SUPPLIED INFORMATION »

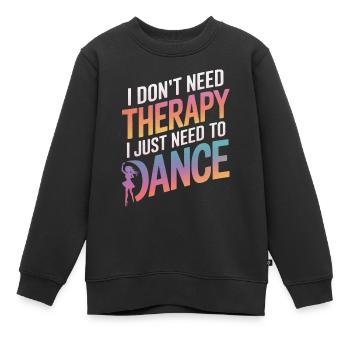 Tanzen Tänzer Tanzen - Kinder Premium Organic Sweatshirt - Schwarz - Vorne - AI Model Kid Female (0cm)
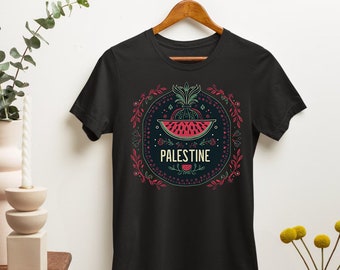 Palestine T-Shirt, Protest Shirt, Free Palestine Tee, Fruit Top, Watermelon Sweatshirt, Watermelon Shirt, Human Rights Sweater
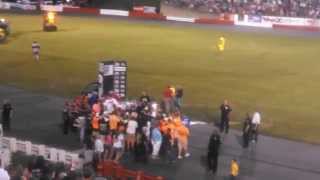 Miller and Myers wreck fight at Bowman Gray [upl. by Anaej]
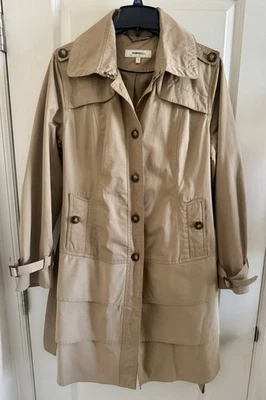 Gabardina Hawke & Co Tostada Chaqueta Beige Manchas Menores Talla Grande Foto 1 de 4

YOUR INSTRUCTIONS »
Only the lines from the one containing "Palestine T-Shirt, Protest" to the end of the listing belong in the answer, exactly as they stand and with no pictures.

RESULT FOR THIS TASK »
 Palestine T-Shirt, Protest Shirt, Free Palestine Tee, Fruit Top, Watermelon Sweatshirt, Watermelon Shirt, Human Rights Sweater
 Miller and Myers wreck fight at Bowman Gray [upl. by Anaej]
 Gabardina Hawke & Co Tostada Chaqueta Beige Manchas Menores Talla Grande Foto 1 de 4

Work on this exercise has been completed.